Bates addresses concerns about mine spill and Bennett Freeze

WINDOW ROCK

LoRenzo Bates

Speaker of the Navajo Nation Council LoRenzo Bates is still seeing unanswered questions in the recent Gold King Mine spill as well as challenges in bringing more infrastructure to people living in the Bennett Freeze area.

In his quarterly report to members of the Navajo Nation Council Monday, Bates addressed challenges and issues facing the nation with a focus on collaboration and communication between the council, outside government and Diné citizens.

In the report, Bates said conversations between council members and citizens in recent months and weeks added greater knowledge and experience for council members going forward.

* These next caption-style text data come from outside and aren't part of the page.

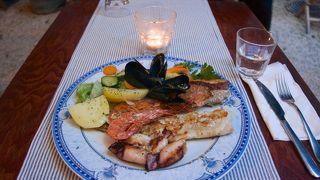 海洋博物館近くの海鮮料理中心のレストラン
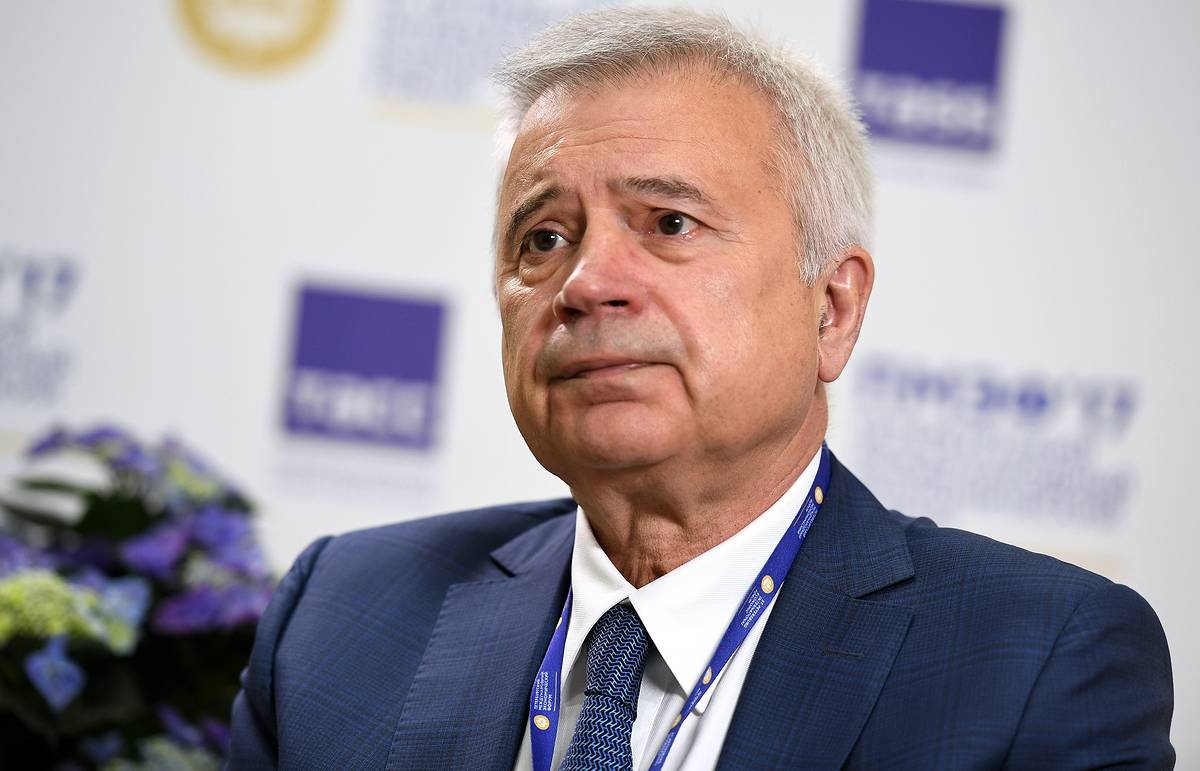 Алекперов: "Лукойл" вложит в развитие нефтехимии $3 млрд в ближайшие 6 лет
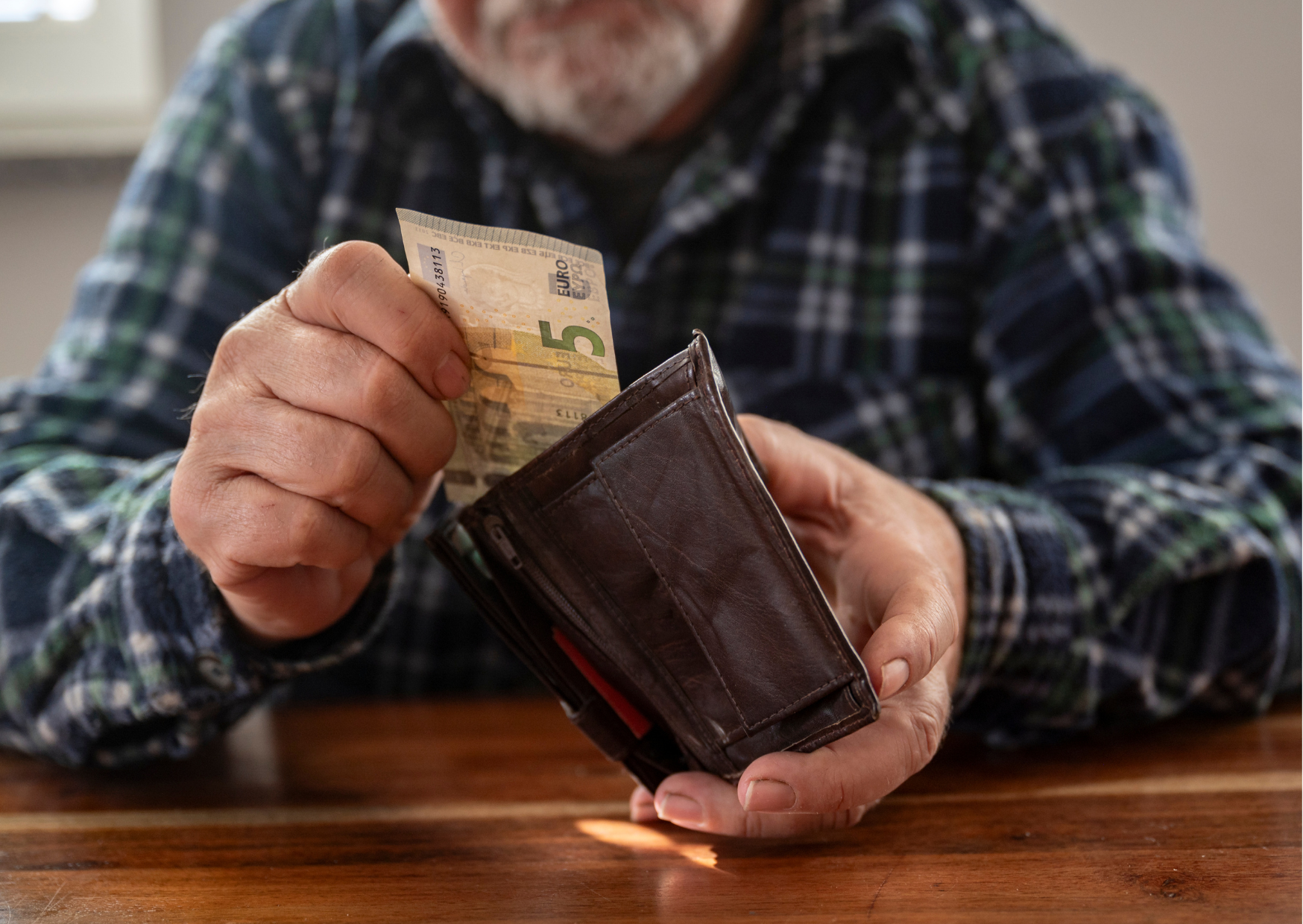 7 Money Conversations European Families Have Weekly That American Families Avoid 4 family talking about money 4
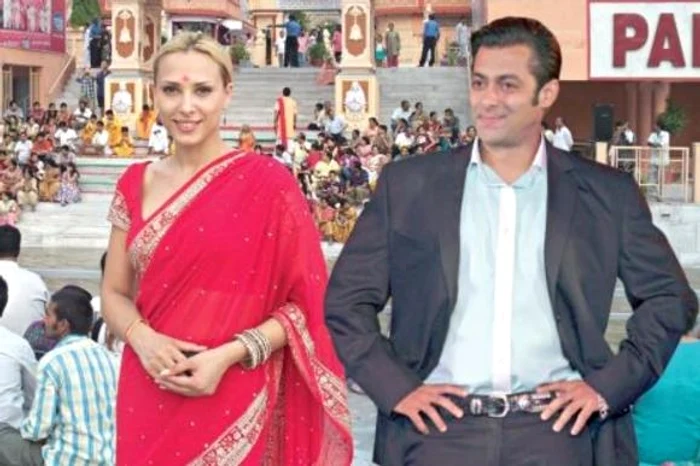 Salman Khan şi Iulia Vântur s-au iubit cu patos, de la distanţă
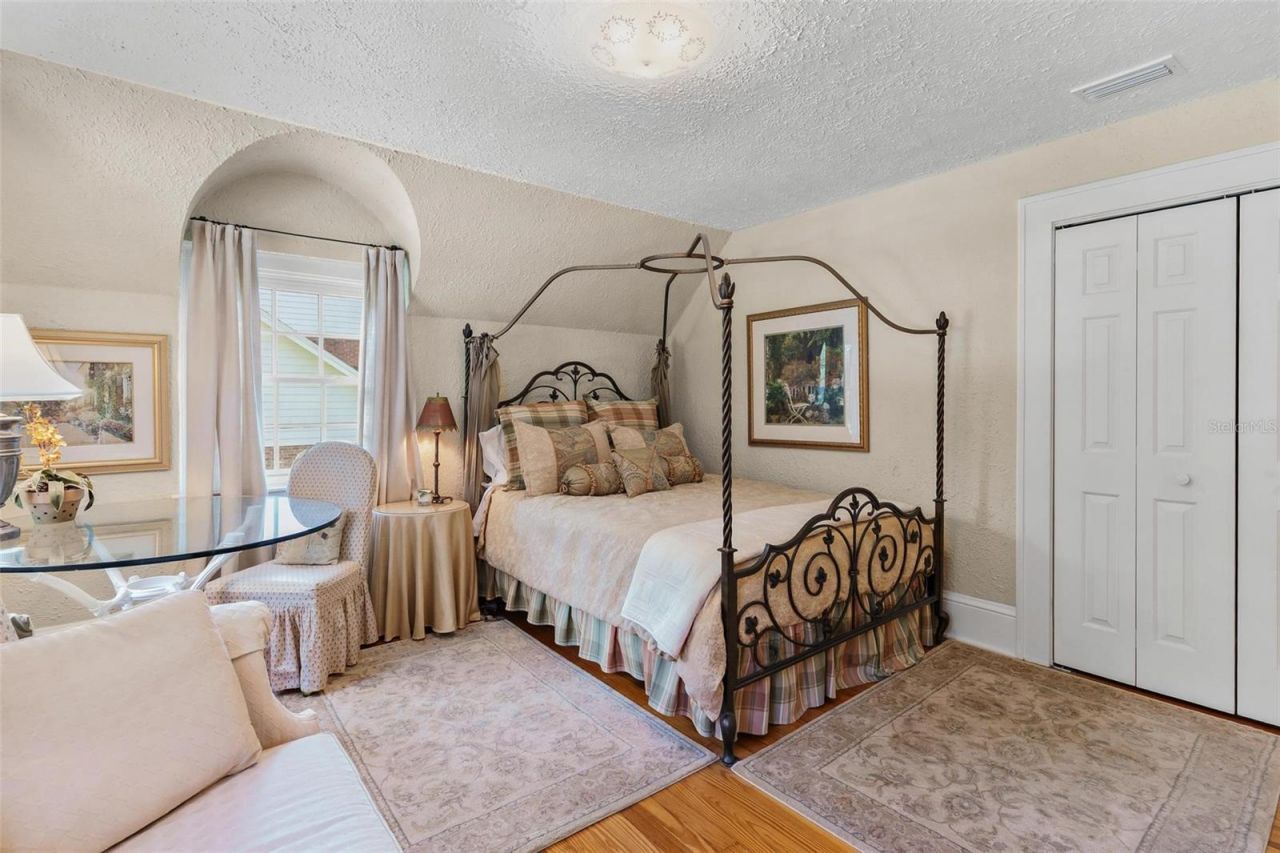 9233 Silver Lake Drive, Leesburg, FL 34788 Photo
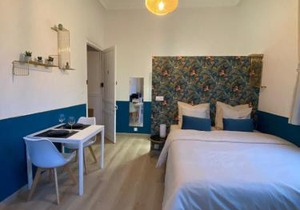 Capstay Roubaix Lille private shower & Netflix
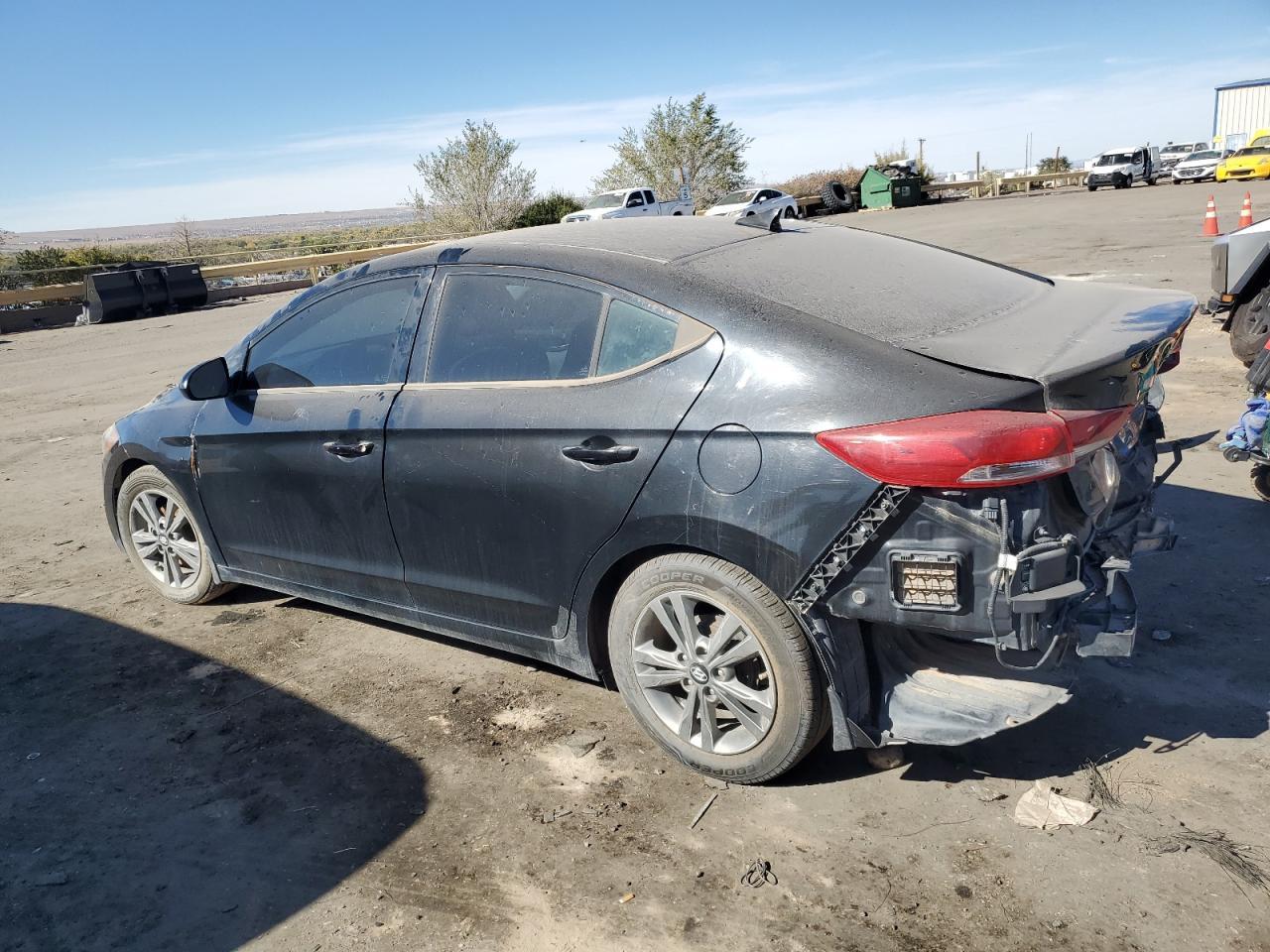 2017 HYUNDAI ELANTRA SE - Image 2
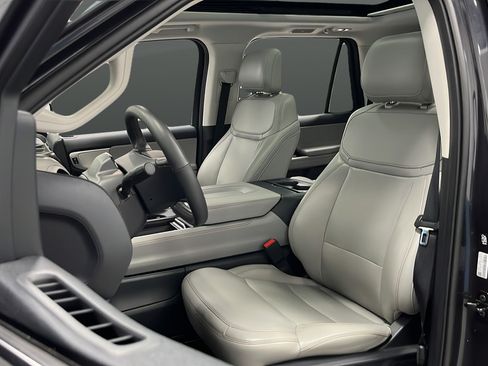 Used 2025 Ford Expedition Max Active AWD/4WD image 9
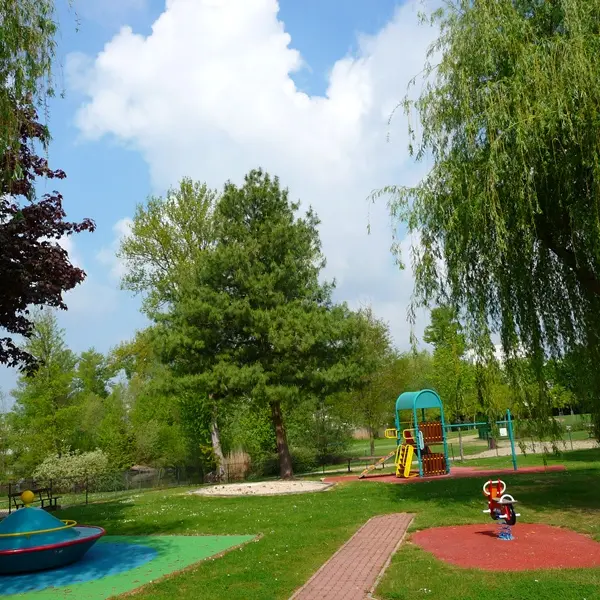 Camping-de-Chalons-Aire-de-jeux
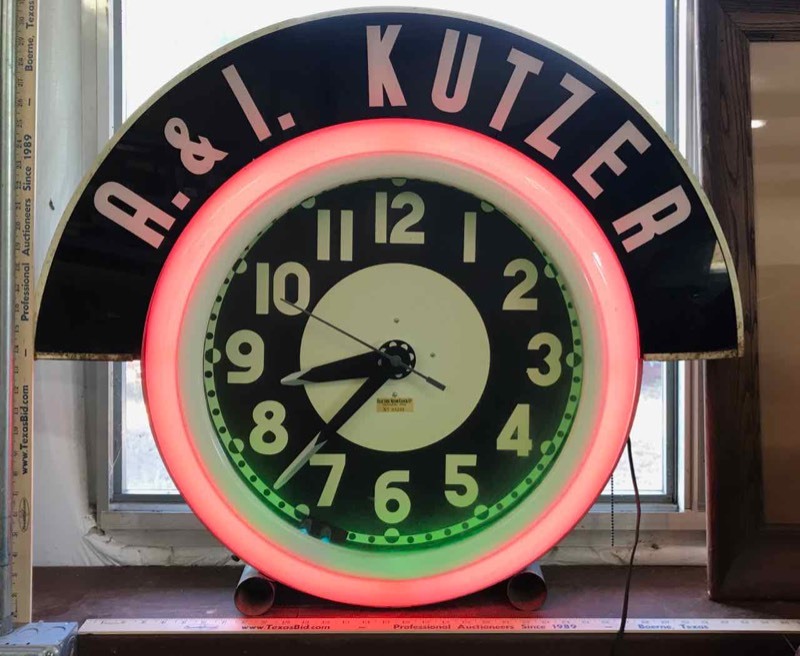 lot 200 image: Super Cool Authentic Old Boerne Mid-Century Electric Neon Clock, A&I Kutzer (with provenance)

“This 23rd Council wants to and is moving in the direction to be able to better its people, whether it be in education, whether it be in infrastructure,” he said, in an interview with the Navajo Times on Oct. 20. “Whatever it may be, this council is dedicated, but we also recognize the challenges that face us.”

The 13-page report outlined continuing and new issues facing the nation in seven sections.

The sections addressed the rehabilitation of the former Bennett Freeze area, the Gold King Mine spill, the S’hasin Fund Subcommittee efforts, fire and rescue services on the Navajo Nation and in San Juan County, New Mexico, renovation of the Navajo Nation Council Chamber, the Naabik’iyáti’’ State Task Force, and the Navajo Energy Policy.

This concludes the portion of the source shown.